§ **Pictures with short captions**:

==============================

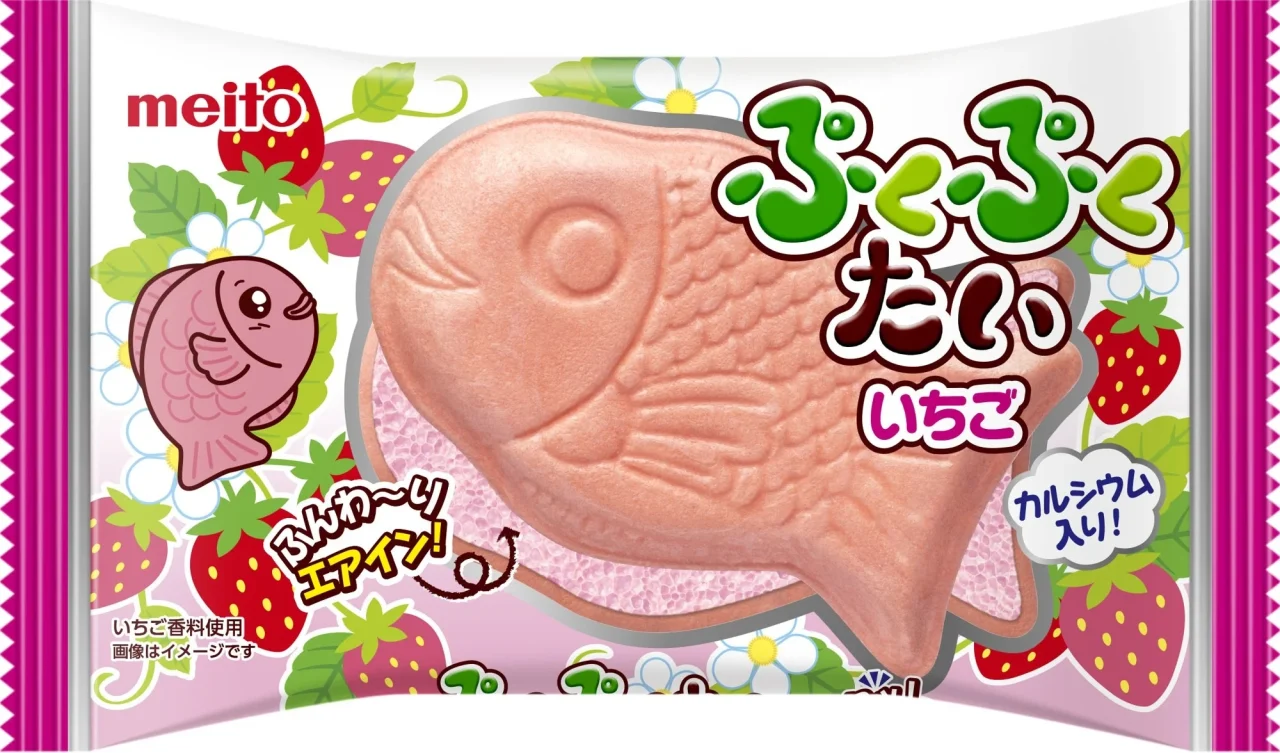 ぷくぷくたい いちご味のパッケージ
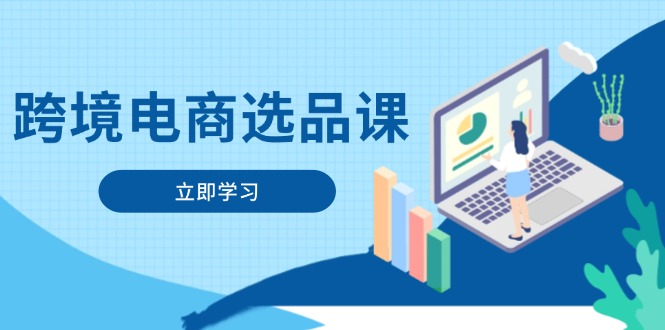 跨境电商选品课：涵盖电动滑板车、健康医疗、电子游戏、厨房用品、宠物等-知库商学院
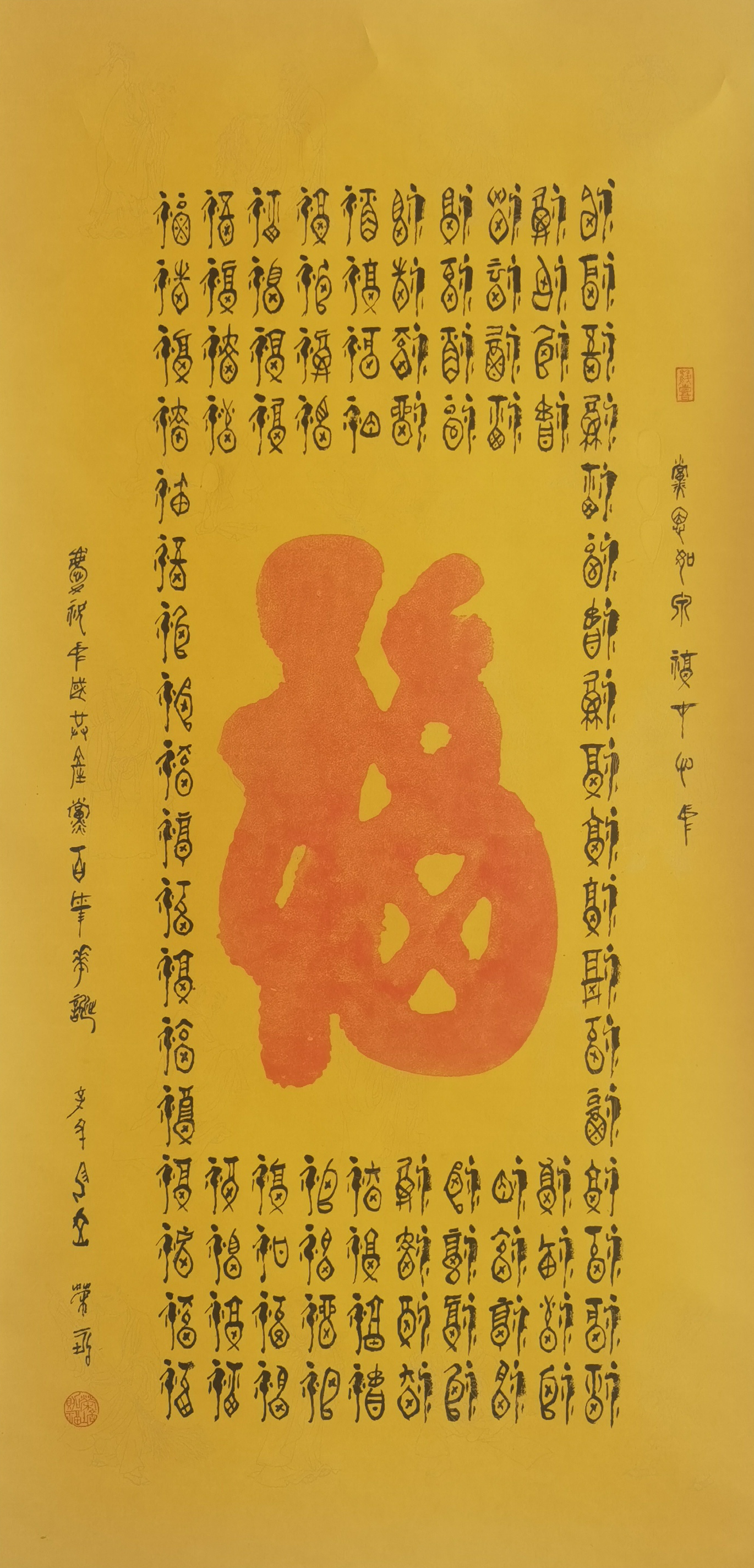 Զ 黭ףй100黭չ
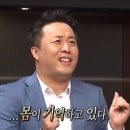 마리바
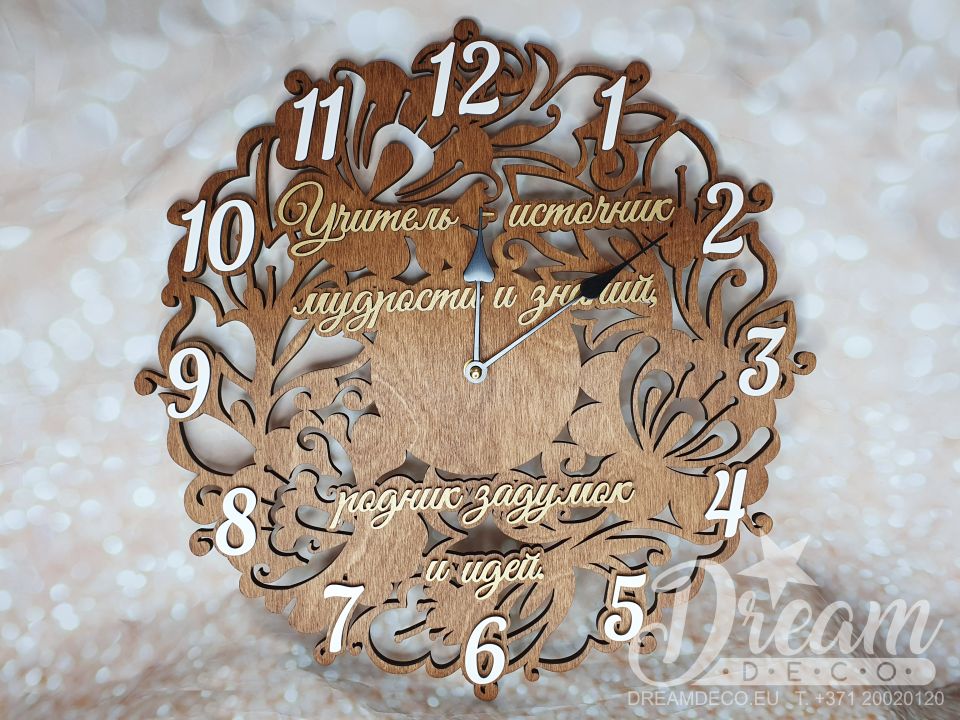 Pulkstenis ar cirstu ziedu dekoru un uzrakstu - Учитель - источник мудрости и знаний, родник задумок и идей.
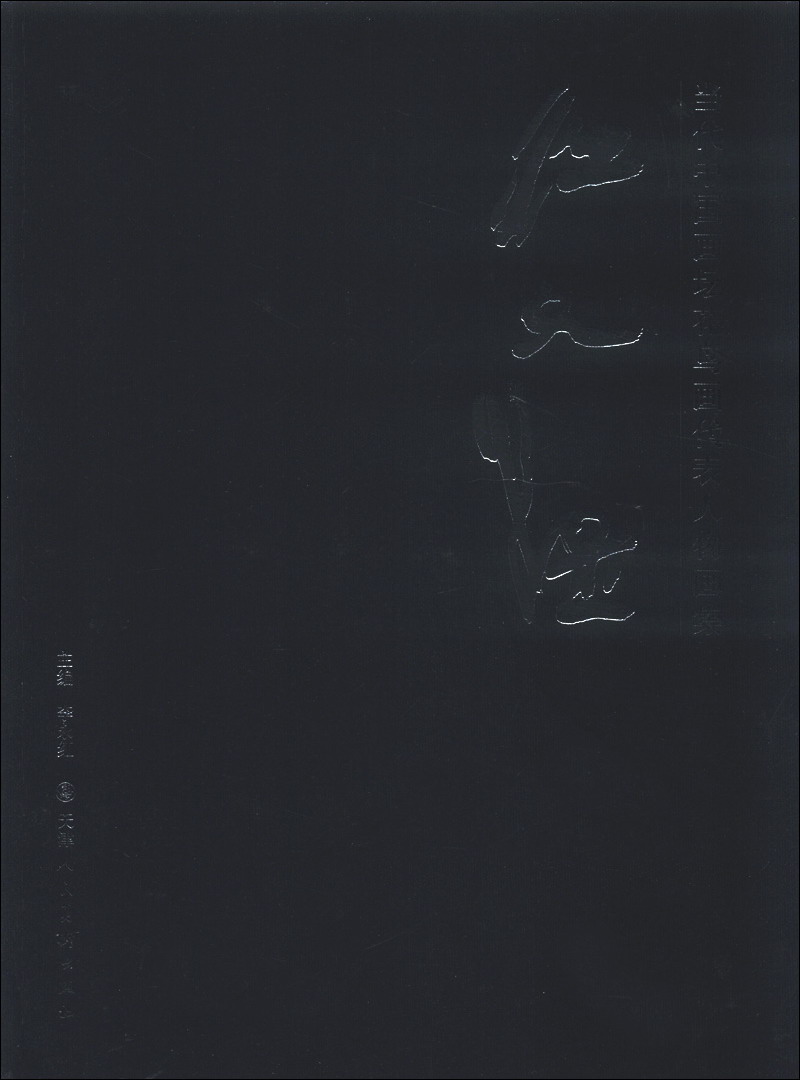 当代中国画坛花鸟画代表人物画集：江文湛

==============================

§ **Requirement**:
Every line above should be copied exactly; do not carry over the pictures.

§ **Solution to the problem**:
 ぷくぷくたい いちご味のパッケージ
 跨境电商选品课：涵盖电动滑板车、健康医疗、电子游戏、厨房用品、宠物等-知库商学院
 Զ 黭ףй100黭չ
 마리바
 Pulkstenis ar cirstu ziedu dekoru un uzrakstu - Учитель - источник мудрости и знаний, родник задумок и идей.
 当代中国画坛花鸟画代表人物画集：江文湛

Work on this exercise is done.